▶ _Input data_:
-- Opening Marker --

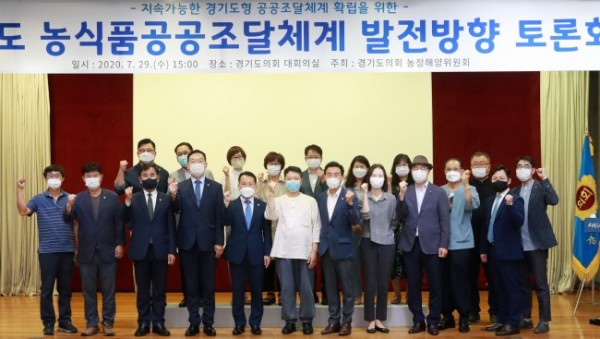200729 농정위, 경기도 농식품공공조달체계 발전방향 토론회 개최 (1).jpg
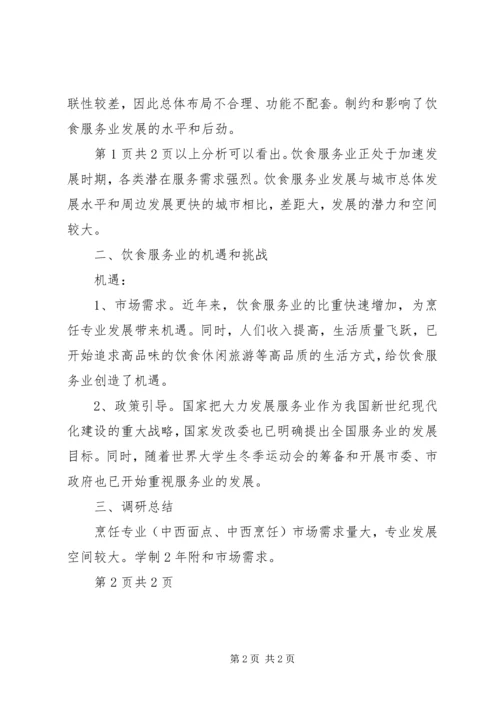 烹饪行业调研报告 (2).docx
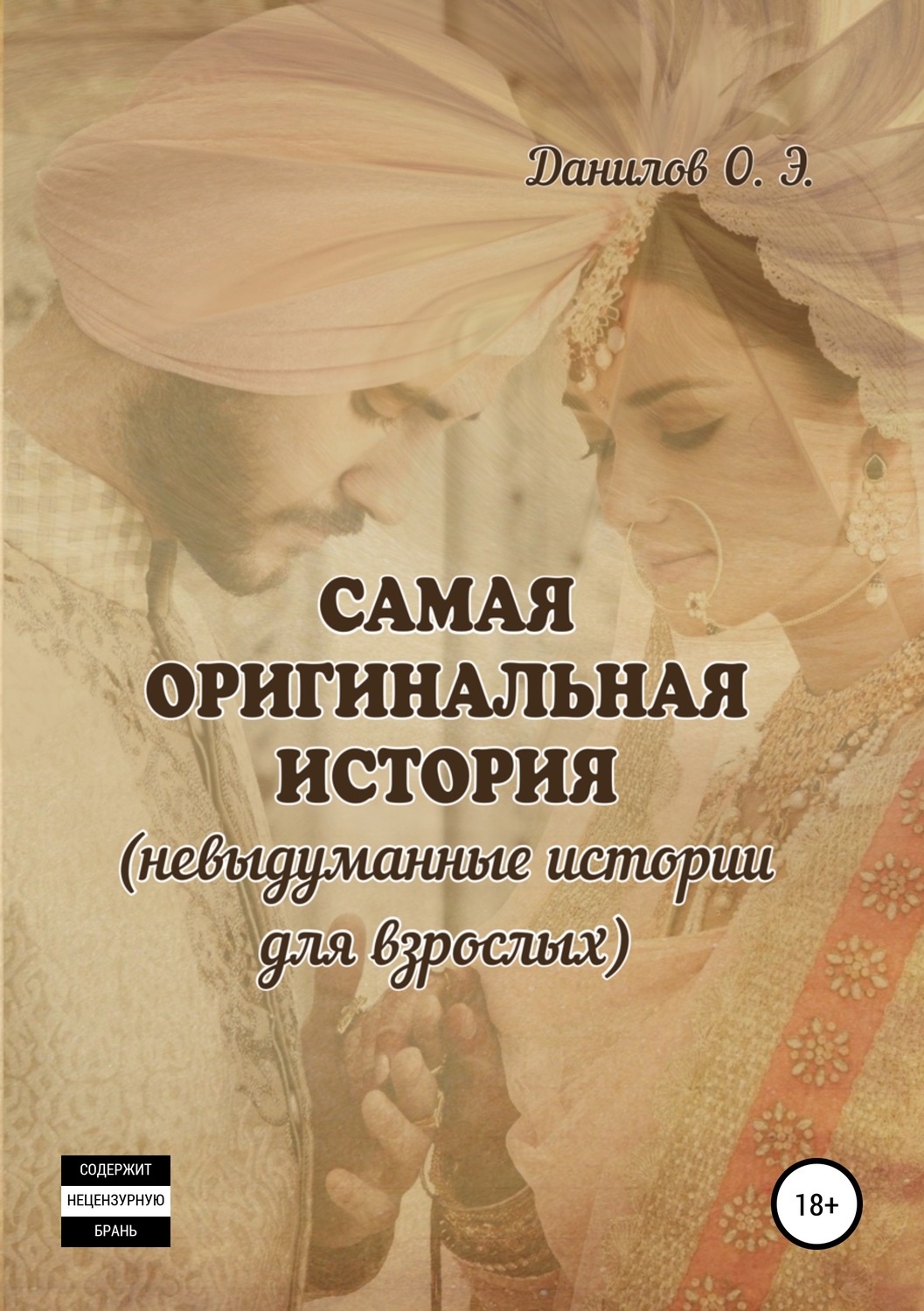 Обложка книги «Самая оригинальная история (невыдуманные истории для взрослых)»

-- Closing Marker --

▶ _Your assignment_: Could you repeat all of the data exactly, minus the pictures?

▶ _Solution to the exercise_:
200729 농정위, 경기도 농식품공공조달체계 발전방향 토론회 개최 (1).jpg
 烹饪行业调研报告 (2).docx
 Обложка книги «Самая оригинальная история (невыдуманные истории для взрослых)»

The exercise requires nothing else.